EXERCISE:
Set out exactly, line by line, the stretch of data below that begins at the line containing "Colgante Nudo de Bruja Plata con Amatista" and ends at the line containing "Chloe Orange Leather", with both ends kept.

(EXCERPTED RECORDS)

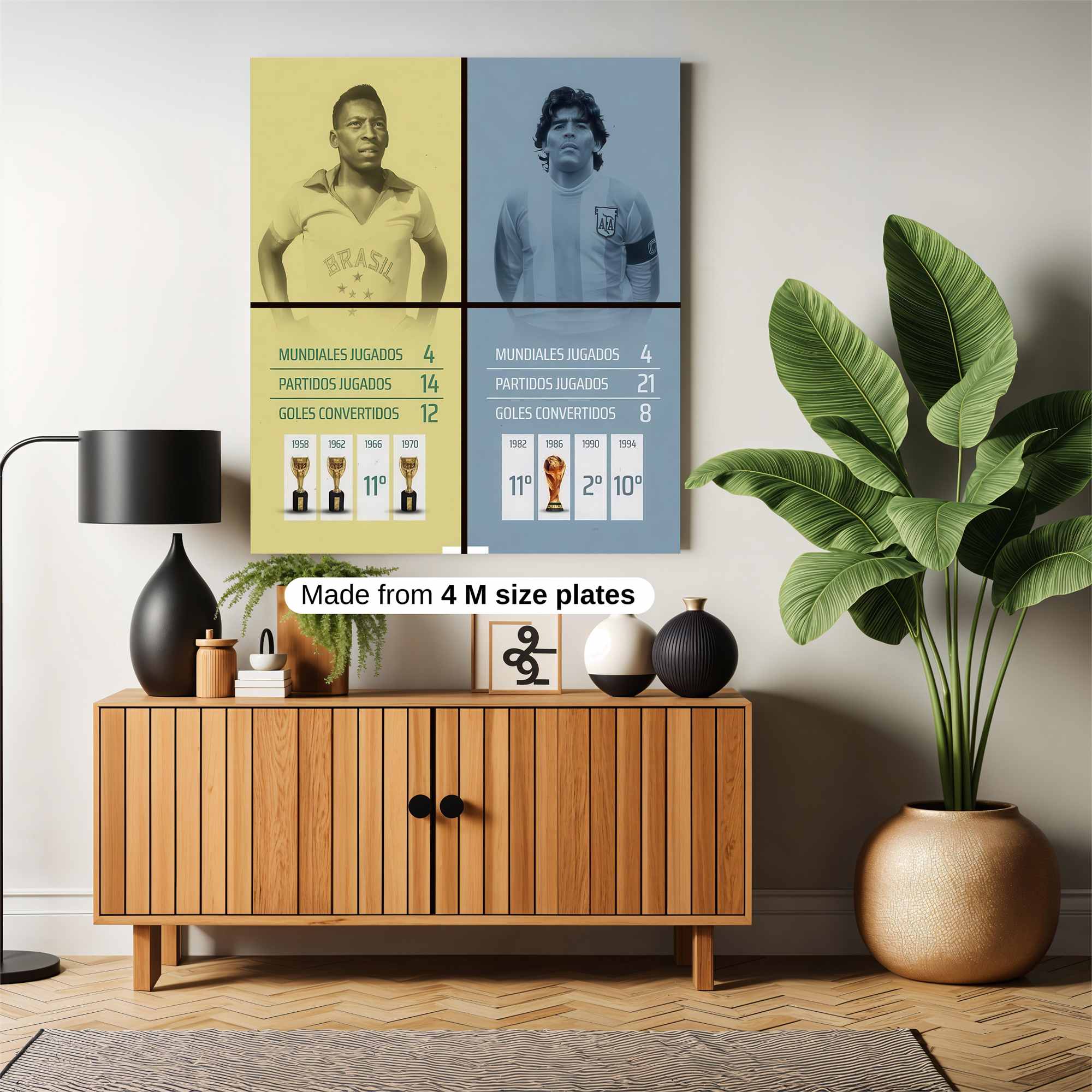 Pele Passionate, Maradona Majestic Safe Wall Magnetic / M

(End EXCERPTED RECORDS)
(EXCERPTED RECORDS)

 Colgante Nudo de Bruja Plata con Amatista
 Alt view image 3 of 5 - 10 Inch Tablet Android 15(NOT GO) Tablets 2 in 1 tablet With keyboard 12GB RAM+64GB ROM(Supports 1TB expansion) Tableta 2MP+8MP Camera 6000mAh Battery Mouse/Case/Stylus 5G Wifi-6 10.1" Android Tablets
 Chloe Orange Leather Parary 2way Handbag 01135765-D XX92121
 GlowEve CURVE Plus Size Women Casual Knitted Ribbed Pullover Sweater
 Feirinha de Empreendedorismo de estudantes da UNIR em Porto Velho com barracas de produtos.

(End EXCERPTED RECORDS)

ANSWER AREA:
 Colgante Nudo de Bruja Plata con Amatista
 Alt view image 3 of 5 - 10 Inch Tablet Android 15(NOT GO) Tablets 2 in 1 tablet With keyboard 12GB RAM+64GB ROM(Supports 1TB expansion) Tableta 2MP+8MP Camera 6000mAh Battery Mouse/Case/Stylus 5G Wifi-6 10.1" Android Tablets
 Chloe Orange Leather Parary 2way Handbag 01135765-D XX92121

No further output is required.